Sales continue to be solid in August.
Prepared food and fountain category continues to perform very well.
Total sales were up 21% to $123.8 million for the quarter.
Same-store sales in the quarter were up 15.3% with an average margin of 61.2% down from the same quarter a year ago, primarily due to higher commodity costs.
Average cost of cheese this quarter was $2.11 per pound, compared to $1.68 a pound a year ago.
The average cost of coffee was more than double where it was in the quarter this year compared to the same quarter a year ago.
These are excellent results in light of the higher commodity costs and the prolonged economic downturn.
Gross profit dollars in the quarter were up over 16% to $75.8 million.
Same-store sales in August continued to trend significantly ahead of our annual goal.
However, the margin is still affected by commodity pressures.
Operating expenses in the quarter were up 12.5% to $171.4 million.
Excluding fees last year associated with the unsolicited hostile takeover bid from Couche-Tard, expenses would have been up 17.3% or about $25.2 million.
Half of this increase was due to a rise in wages primarily related to operating more stores this quarter compared to the same time period a year ago as well as the increase in store remodels and 24-hour locations.
Nearly 31% or $7.8 million came from the combined increase in credit card fees and fuel expense.
These were up due to a 39.1% increase in fuel prices and higher credit card utilization.
Credit card transactions were up nearly 23%, accounting for approximately 59% of all sales this quarter, compared to 56% a year ago.

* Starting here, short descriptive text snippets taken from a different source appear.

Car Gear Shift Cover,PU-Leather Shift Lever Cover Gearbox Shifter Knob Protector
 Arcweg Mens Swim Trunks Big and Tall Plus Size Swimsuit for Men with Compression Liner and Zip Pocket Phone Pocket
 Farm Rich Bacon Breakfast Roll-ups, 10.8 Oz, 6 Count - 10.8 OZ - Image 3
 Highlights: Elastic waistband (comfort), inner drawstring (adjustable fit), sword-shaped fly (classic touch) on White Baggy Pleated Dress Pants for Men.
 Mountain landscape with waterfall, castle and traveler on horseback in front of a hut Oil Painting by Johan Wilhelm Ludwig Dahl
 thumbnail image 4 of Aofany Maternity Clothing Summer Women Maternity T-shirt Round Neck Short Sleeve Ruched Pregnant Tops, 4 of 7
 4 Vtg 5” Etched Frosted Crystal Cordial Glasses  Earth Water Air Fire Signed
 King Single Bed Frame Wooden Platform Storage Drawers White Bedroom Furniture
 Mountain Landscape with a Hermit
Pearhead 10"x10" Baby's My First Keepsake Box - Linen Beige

On the income statement, total revenue in the quarter was up 37.6% to $1.9 billion.
The revenue lift was due to an increase in the retail price of gas, sales increases in the categories mentioned previously and operating more stores this year compared to last year.
Effective tax rate this quarter was higher than the first quarter of last year primarily due to a change in uncertain tax position related to transfer price calculations, an increase in the Illinois state tax and higher stock-based compensation expense.
We expect our effective tax rate to be around 37.5% for the year.
The number of basic shares outstanding in the quarter was 38,024,376 and the diluted share count was 38,332,214.
On the balance sheet, our balance sheet continues to be strong.
At July 31, cash and cash equivalents were $139 million, up from $59.6 million at the end of the fiscal year.
Long-term debt, net of current maturities was $678.7 million due to the recent debt the Company added to fund the recapitalization plan completed back in August of 2010.
Shareholder equity rose to $439.6 million, up almost $36 million from fiscal year-end, generated $162.9 million in cash flow from operations, up from $103.7 million a year ago.
Capital expenditures for the quarter were $78.6 million, compared to $39.6 million a year ago in the same period.
This was up due to an increase in acquisitions and construction activity this quarter.
This quarter we acquired 27 stores, opened 2 new store constructions and closed 1 store.
We also have 6 written commitments for acquisitions that we expect to close on in the near future.
We are optimistic about the acquisition pipeline going forward.
Additionally, we have 15 new stores and 7 replacement stores under construction and anticipate opening 30 to 35 new-store constructions by the end of the fiscal year.
This completes my review for the quarter.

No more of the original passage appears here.